Tackling an outdoor lighting project can be intimidating. From what kind of lights to buy, to what features to highlight, to where everything should go – there’s a lot to consider! If you’re not sure where to start with your outdoor lighting project, we’ve got you covered. In our Outdoor Lighting Design Guide, we’ll go over:
- – Different kinds of outdoor lighting
- – Placement of lighting features
- – Ways to illuminate your home and yard
- – Other helpful tips and tricks
With our team of experienced lighting professionals, Livewire is here to ensure your home and yard look incredible, day or night. We can even help you test before you invest!
Outdoor Lighting Solutions Offer Peace of Mind
Types of Outdoor Lighting
To properly tackle any landscape lighting project, it’s important to have the right tools for the job. Different types of outdoor lighting have different benefits and uses, and it’s important to consider each of them when choosing the best lighting option.
Post Lighting
Post lights are a great way to accent the pathway to your home. They provide a more ambient setting than powerful floodlights and can give your home a nice aesthetic. Tall posts are great for lighting significant stretches of space, like driveways or long paths that get lost in the dark. Shorter posts, also called path lighting, work well for small alcoves and walkways.

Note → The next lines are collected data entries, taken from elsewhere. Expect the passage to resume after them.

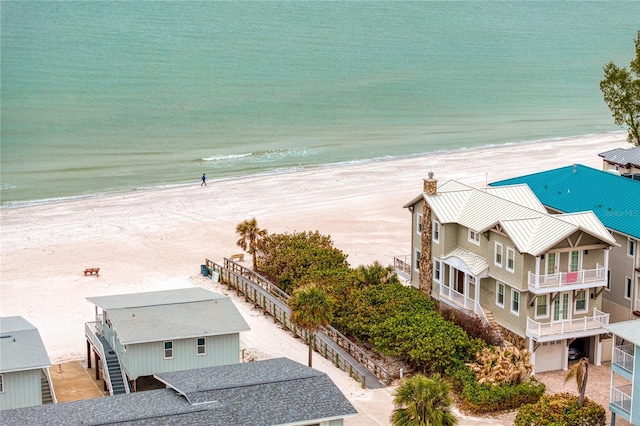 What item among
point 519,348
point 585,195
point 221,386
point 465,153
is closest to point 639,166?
point 585,195

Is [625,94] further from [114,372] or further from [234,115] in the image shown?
[234,115]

Livewire Tip: When using several post lights to illuminate a path, measure the diameter the light encompasses around the post. This will help you plan the layout of your lighting path and decide how many posts you need. Consider placing the fixtures on either side of the path, working back and forth to create an effective and inviting entry.
Well or Inground Lighting
Well lights, or inground lights, are circular fixtures installed directly into the ground. This means the lighting effect is what stands out as opposed to the fixture itself. They are best used to light up a strong presence in your yard. They work best on trees, garden walls, or the sides of your home. Mix well lights with spotlights to create a dramatic atmosphere, if and when you can blend them.
Floodlights and Spotlights
For when you need to bring out the big guns. Floodlights and spotlights are typically used to highlight visual interests in the yard, like statues or trees. The different between the two comes down to the beam spread.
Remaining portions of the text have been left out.